Artifact Review Summary: CLoF: A Compositional Lock Framework for Multi-level NUMA Systems

Artifact Details

Badges Awarded

Artifact Functional Results Reproduced
Artifacts Evaluated - Functional (v1.1) Results Reproduced (v1.1)

Description of the Artifact

The artifact contained the CLoF source code, benchmarks and dependencies, and scripts to reproduce Figures 1, 2, 3, 8, 9, and Table 1 from the paper. The artifacts were bundled into a single directory of the archive named evaluations/, with scripts to run the performance evaluation through various existing benchmarks. The benchmark script, called campaigns are Python scripts in charge of configuring, compiling and running the benchmark programs (LevelDB and the Kyoto cabinet). The data analysis process is done using a Jupyter Notebook.

The artifact was accompanied with a README with the following structure:

  1. Overview
  2. Generating the data analysis report on the submitted data
  3. Repeating the experiments
    1. Preparing the target machine (To skip if running on author’s servers)
    2. Ensuring Linux is predictable (To skip if running on author’s servers)
    3. Campaigns
    4. Generating heatmaps
    5. Configure CLoF hierarchy in tools (To skip if running on author’s servers)
    6. Generating the bar charts data (To skip if running on author’s servers)
    7. Selecting the best CLoF locks
    8. Comparing best CLoF locks to state-of-the-art locks
  4. Generating the data analysis report
  5. Interpreting the obtained results
  6. Contact (The authors’ contact details in order to request access to the testbed)

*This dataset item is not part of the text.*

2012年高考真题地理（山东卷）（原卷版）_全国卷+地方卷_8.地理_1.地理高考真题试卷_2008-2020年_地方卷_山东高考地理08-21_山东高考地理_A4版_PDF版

Environment(s) Used for Testing

The environment used to repeat the experiments was the same as described in section 5.1.1, including the OS and kernel. The plots were also successfully generated on a Dell 7400, Debian 11.

Step-By-Step Instructions to Exercise the Artifact

The reviewers were given access to the following two servers:

  • an Armv8 server: a 128-core HiSilicon Kunpeng 920 with 2 sockets, 4 NUMA nodes.
  • an x86_64 server: a 48-core AMD EPYC 7352 with 2 sockets, 2 NUMA nodes, 96 CPUs with hyperthreading.

The authors pre-configured both servers (Armv8 & x86) with a fresh Ubuntu install, and installed all the packages required to run the artifacts. Moreover, they already set the server in a configuration ready to run the performance evaluations: the right kernel installed, the cores isolated, and the different balancing daemon disabled.

The authors provided detailed steps in a README for both running the experiments and generating the plots. The flow to reproduce the results reported in the paper is the following:

  1. Run the benchmark campaign scripts with a fixed set of parameters (chosen locks, number of threads, benchmark duration, number of repetitions, etc.). A set of CSV files, called the dataset is created at this step.
cd sosp21-paper136-clof-artifacts/evaluations/scripts
./all-paper-campaigns.sh

Copy the dataset from both arm and x86 servers into a single folder results.

  1. Run the analysis of the produced data, by using the dataset, by loading the records from the CSV files, computing aggregations and finally generating Tables and Plots as depicted in the paper. Generate all results/graphs with
    DATASET=results/ ./generate-html.sh
    

How The Artifact Supports The Paper

The push button scripts provided by the authors were helpful for quick evaluation. An evaluation run of the experiments on the author-provided environment agreed with the results of the data set provided by the authors. The plots and table generated from the evaluation agreed with the ones generated from the author provided dataset, except Figure 9. For Figure 9, the reviewers had varying results. However, the data generated in the reproduction did not refute the authors’ subsequent claim that, “each architecture… needs a tailored lock to exploit… performance benefits.” And also was in favour of CLoF with higher throughput. Overall, the artifacts support the claims made in the paper.

Additional Notes and Resources

Due to the specific hardware requirements, the reviewers only ran the paper’s experiments on the authors’ testbed. Moreover, one set of experiment (for generating Figure 2) is not straightforward to run on any other setup which the authors have clearly mentioned.